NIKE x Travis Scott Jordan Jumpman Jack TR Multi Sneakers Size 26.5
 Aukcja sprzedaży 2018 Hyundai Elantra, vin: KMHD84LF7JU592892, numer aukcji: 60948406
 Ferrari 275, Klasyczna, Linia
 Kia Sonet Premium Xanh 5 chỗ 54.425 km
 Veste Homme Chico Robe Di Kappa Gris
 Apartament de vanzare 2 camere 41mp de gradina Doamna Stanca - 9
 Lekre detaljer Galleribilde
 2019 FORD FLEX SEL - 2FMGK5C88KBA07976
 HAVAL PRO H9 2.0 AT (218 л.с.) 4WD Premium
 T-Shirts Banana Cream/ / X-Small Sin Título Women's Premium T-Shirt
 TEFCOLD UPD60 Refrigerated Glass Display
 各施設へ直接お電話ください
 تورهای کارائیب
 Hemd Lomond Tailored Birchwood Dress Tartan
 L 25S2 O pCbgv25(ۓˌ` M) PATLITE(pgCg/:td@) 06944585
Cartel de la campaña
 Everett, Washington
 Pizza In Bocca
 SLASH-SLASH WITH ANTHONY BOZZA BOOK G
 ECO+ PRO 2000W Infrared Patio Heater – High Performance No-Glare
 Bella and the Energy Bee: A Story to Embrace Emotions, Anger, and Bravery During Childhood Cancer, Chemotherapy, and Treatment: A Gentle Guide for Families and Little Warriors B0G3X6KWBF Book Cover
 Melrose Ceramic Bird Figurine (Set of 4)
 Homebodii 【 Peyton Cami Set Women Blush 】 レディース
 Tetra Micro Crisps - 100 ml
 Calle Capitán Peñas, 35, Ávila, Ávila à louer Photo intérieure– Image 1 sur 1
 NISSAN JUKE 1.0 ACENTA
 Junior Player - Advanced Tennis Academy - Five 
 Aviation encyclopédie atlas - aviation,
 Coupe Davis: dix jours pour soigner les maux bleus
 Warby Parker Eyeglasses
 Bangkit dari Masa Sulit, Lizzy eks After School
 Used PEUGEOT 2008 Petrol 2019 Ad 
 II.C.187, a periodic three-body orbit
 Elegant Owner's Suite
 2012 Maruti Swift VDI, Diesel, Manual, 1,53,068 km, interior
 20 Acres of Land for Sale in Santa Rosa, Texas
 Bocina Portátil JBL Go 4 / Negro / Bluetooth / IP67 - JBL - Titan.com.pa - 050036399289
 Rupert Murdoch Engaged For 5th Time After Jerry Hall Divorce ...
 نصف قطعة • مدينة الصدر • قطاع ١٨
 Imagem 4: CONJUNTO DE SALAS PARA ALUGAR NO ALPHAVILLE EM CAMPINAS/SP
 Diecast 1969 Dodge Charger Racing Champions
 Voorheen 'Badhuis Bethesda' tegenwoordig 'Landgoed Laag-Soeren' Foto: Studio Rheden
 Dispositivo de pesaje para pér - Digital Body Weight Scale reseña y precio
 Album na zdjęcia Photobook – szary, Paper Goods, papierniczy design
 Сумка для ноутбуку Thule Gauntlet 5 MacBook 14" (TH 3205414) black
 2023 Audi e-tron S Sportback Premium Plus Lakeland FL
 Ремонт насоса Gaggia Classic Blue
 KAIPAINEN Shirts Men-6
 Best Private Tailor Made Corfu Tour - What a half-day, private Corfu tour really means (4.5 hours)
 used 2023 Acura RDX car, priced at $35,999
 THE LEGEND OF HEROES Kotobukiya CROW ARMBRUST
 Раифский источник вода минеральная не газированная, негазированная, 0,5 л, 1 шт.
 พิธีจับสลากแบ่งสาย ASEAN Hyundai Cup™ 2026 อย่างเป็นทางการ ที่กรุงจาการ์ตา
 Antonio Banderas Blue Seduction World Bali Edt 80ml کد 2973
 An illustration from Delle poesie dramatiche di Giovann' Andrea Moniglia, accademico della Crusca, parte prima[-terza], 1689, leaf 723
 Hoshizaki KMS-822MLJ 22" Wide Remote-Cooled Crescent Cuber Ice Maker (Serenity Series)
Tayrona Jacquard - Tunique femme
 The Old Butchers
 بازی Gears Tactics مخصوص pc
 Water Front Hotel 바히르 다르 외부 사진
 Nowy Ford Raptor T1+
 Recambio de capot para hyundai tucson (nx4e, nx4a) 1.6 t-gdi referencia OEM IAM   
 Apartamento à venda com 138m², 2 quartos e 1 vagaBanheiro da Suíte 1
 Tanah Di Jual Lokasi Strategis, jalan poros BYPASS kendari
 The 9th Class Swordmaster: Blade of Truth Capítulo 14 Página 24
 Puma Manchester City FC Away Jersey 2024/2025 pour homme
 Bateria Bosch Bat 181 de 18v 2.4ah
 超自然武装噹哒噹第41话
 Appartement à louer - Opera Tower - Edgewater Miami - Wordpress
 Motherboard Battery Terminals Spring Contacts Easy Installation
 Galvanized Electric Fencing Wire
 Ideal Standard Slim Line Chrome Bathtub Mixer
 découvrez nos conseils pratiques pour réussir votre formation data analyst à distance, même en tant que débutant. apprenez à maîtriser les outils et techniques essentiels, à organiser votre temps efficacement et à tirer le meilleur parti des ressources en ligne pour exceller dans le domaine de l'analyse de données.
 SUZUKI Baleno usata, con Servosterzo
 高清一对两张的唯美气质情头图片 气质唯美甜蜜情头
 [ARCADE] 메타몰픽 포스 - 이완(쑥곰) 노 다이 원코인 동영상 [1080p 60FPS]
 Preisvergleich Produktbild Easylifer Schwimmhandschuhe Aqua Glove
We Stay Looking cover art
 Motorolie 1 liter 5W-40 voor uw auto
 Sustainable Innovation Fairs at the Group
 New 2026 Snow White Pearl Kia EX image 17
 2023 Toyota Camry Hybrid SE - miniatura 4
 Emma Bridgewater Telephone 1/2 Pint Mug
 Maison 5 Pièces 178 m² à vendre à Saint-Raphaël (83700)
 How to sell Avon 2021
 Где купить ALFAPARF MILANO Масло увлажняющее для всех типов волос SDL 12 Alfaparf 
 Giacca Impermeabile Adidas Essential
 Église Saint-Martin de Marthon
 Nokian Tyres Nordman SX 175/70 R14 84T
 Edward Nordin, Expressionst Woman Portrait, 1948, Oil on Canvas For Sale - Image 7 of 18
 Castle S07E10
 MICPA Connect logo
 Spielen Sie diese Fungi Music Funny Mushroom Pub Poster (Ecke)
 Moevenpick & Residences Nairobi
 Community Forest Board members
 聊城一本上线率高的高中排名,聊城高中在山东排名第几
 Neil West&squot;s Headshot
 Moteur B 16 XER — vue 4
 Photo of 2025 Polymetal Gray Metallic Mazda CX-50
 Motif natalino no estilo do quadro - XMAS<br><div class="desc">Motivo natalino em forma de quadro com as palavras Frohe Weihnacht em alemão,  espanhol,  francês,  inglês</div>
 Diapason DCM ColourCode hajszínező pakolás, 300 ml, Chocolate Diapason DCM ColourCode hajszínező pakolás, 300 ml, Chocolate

****************************************

§ What to produce
Your answer should consist of the lines from the line with "Ремонт насоса Gaggia Classic Blue" to the line with "An illustration from" above, repeated exactly, both ends included.

§ Answer area
 Ремонт насоса Gaggia Classic Blue
 KAIPAINEN Shirts Men-6
 Best Private Tailor Made Corfu Tour - What a half-day, private Corfu tour really means (4.5 hours)
 used 2023 Acura RDX car, priced at $35,999
 THE LEGEND OF HEROES Kotobukiya CROW ARMBRUST
 Раифский источник вода минеральная не газированная, негазированная, 0,5 л, 1 шт.
 พิธีจับสลากแบ่งสาย ASEAN Hyundai Cup™ 2026 อย่างเป็นทางการ ที่กรุงจาการ์ตา
 Antonio Banderas Blue Seduction World Bali Edt 80ml کد 2973
 An illustration from Delle poesie dramatiche di Giovann' Andrea Moniglia, accademico della Crusca, parte prima[-terza], 1689, leaf 723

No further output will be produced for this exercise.